Crawled caption data:
· · · ·

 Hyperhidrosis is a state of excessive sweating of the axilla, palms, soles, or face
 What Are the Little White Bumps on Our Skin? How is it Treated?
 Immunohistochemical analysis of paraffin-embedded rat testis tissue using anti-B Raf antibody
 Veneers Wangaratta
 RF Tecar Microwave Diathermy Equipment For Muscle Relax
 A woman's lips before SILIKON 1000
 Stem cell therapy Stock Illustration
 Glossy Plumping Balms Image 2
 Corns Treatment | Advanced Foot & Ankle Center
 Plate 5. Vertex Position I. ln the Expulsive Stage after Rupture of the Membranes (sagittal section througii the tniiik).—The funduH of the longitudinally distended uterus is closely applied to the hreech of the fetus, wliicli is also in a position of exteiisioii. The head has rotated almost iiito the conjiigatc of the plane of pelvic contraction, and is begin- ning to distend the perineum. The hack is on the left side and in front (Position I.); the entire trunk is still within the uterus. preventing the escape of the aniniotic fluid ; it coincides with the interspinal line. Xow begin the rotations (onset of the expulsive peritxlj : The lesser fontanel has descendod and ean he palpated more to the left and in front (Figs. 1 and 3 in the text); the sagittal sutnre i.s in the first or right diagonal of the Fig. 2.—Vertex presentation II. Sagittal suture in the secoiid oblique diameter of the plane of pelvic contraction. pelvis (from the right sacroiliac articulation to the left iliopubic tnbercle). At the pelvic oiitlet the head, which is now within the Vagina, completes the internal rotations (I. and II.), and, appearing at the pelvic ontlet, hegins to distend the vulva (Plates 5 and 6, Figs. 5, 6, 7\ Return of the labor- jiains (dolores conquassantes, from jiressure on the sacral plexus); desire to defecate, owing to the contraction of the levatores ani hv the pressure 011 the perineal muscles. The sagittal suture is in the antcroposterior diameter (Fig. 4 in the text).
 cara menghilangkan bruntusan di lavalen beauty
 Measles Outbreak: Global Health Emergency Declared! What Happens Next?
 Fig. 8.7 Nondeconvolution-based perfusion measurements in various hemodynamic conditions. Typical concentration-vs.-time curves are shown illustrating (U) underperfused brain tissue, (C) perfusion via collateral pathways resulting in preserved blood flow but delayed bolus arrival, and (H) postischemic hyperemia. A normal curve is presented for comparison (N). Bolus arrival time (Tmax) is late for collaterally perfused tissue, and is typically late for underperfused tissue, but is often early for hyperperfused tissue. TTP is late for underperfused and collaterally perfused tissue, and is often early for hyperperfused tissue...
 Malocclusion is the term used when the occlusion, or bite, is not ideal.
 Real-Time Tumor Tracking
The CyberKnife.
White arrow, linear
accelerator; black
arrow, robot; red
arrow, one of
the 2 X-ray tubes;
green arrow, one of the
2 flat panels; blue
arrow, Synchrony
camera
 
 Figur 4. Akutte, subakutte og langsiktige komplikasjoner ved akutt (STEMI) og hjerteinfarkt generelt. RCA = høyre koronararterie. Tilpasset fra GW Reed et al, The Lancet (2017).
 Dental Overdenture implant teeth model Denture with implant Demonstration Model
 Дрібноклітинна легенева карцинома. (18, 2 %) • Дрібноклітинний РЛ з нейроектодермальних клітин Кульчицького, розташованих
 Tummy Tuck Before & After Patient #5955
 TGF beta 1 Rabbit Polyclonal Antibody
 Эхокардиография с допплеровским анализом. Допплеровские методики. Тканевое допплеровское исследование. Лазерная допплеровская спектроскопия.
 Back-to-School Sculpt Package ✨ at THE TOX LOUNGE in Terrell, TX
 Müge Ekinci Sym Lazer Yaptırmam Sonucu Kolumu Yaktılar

· · · ·

Work request: Precisely reproduce the lines of the entries, beginning at the first and ending at the one containing "Glossy Plumping Balms Image 2". Add nothing.

Task answer:
 Hyperhidrosis is a state of excessive sweating of the axilla, palms, soles, or face
 What Are the Little White Bumps on Our Skin? How is it Treated?
 Immunohistochemical analysis of paraffin-embedded rat testis tissue using anti-B Raf antibody
 Veneers Wangaratta
 RF Tecar Microwave Diathermy Equipment For Muscle Relax
 A woman's lips before SILIKON 1000
 Stem cell therapy Stock Illustration
 Glossy Plumping Balms Image 2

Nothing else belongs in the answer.